Het is aanbevelenswaardig dat rekenkamers kiezen voor onderzoek naar effectiviteitsvoorwaarden. Voor het opstellen van
het normenkader bestaan theorieën en
modellen die zich in de praktijk hebben
bewezen. Onderstaand geven wij drie
voorbeelden van theorieën en modellen
die bruikbaar zijn voor een aantal populaire onderzoeksobjecten van reken­
kamers.
Onderzoek naar effectiviteitsvoorwaarden
op basis van bekende theorieën en modellen is al geruime tijd breed geaccepteerd
binnen profit- en non-profitorganisaties en
geeft rekenkamers een concrete handreiking die als alternatief kan dienen voor de
traditionele doelbereikingsvraag. In een
volgend artikel zullen wij nader ingaan op
de onderzoeksmethodologische aanpak
van onderzoek naar effectiviteitsvoorwaarden.
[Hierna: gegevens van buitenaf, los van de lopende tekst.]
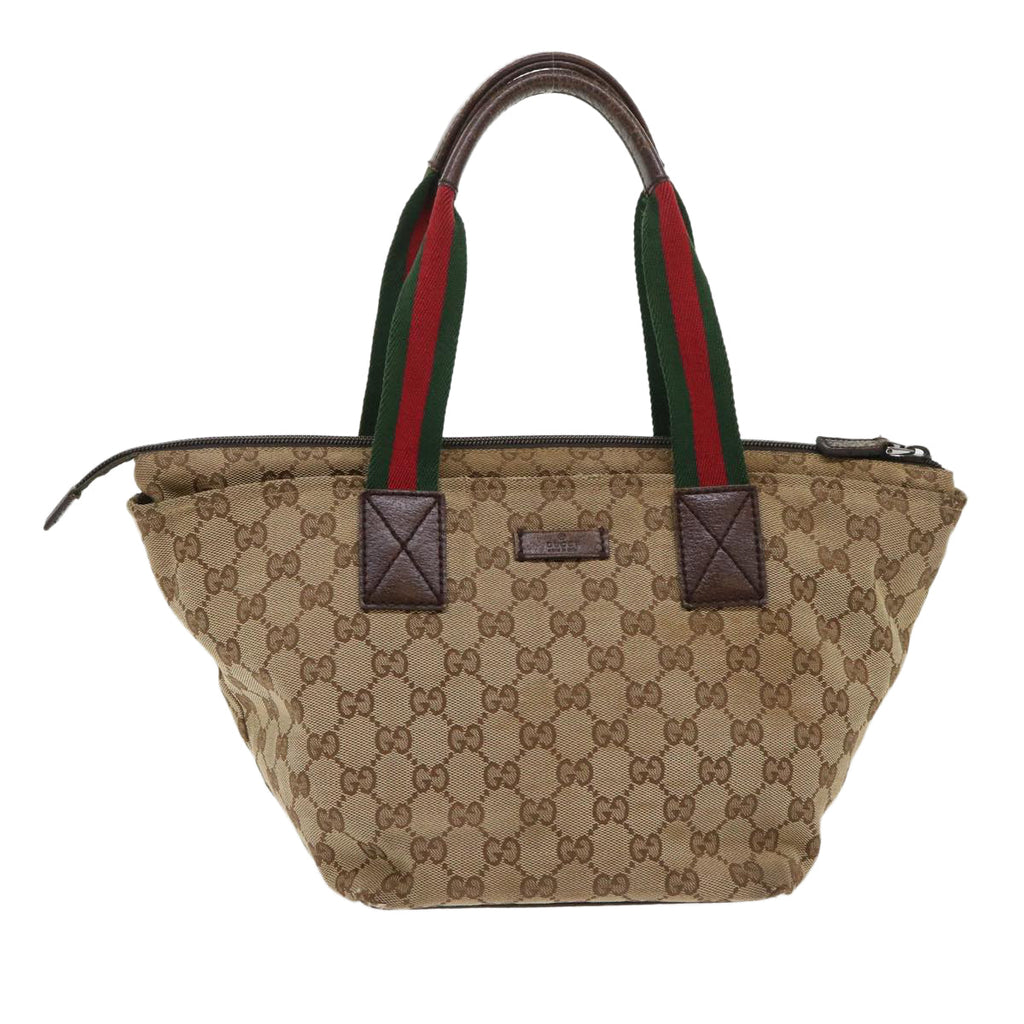 GUCCI GG Canvas Web Sherry Line Tote Bag Beige Red Green 131228  ac2026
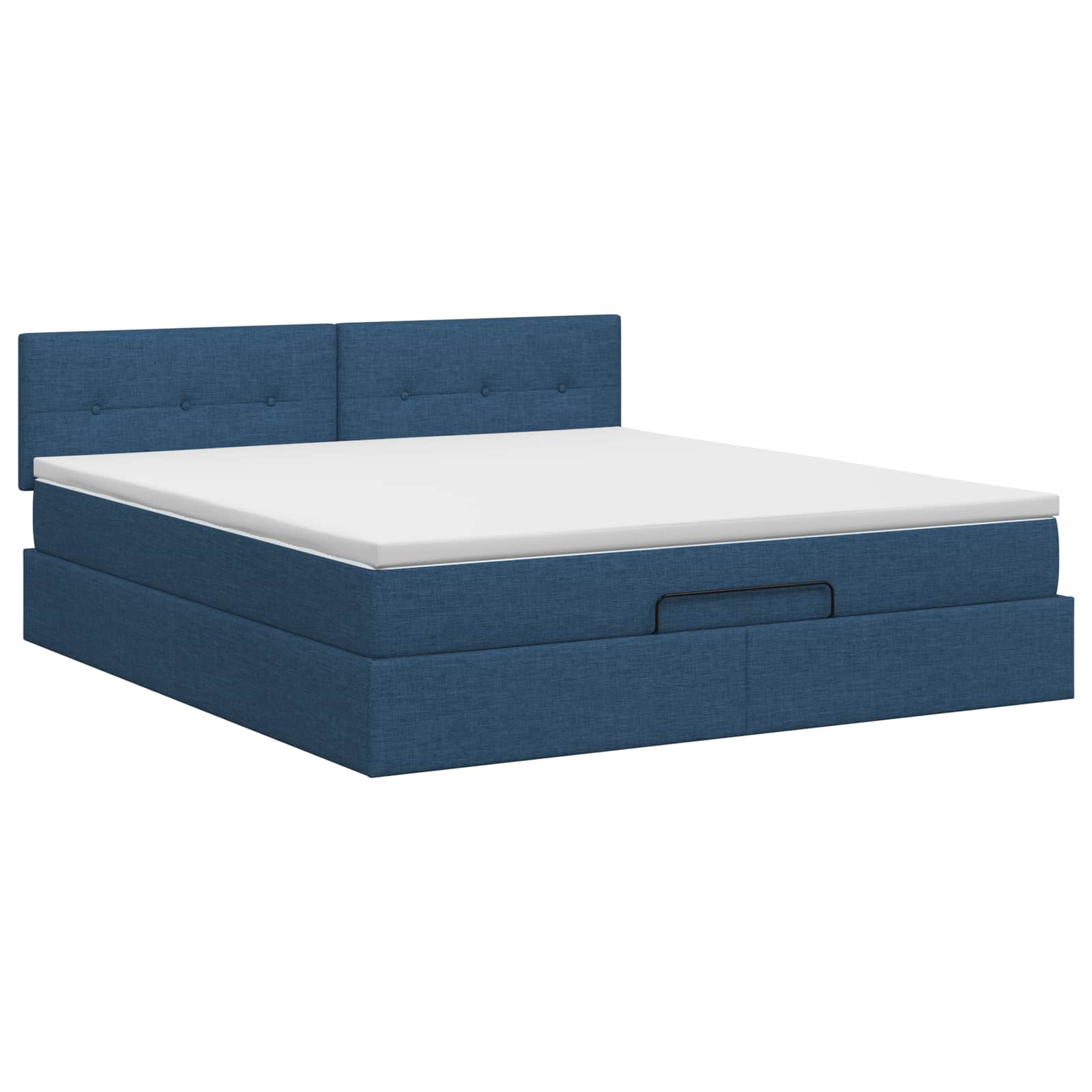Lit ottoman avec matelas Bleu 140 x 190 cm Tissu - XIOS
Populaire objecten rekenkameronderzoek
Beproefde theorieën en modellen
Beheersing grote projecten
en programmama’s
Prince2 en de Balanced Change Card
Inkoop en aanbesteding
MSU+ model
WMO-beleid
Simons four levers of control
In de jaren negentig wees Bemelmans-Videc er al op dat het doelmatigheidsonderzoek van de
Algemene Rekenkamer vooral op de voorwaarden voor effectiviteit was gericht, niet op het vaststellen van de effectiviteit van het beleid zelf.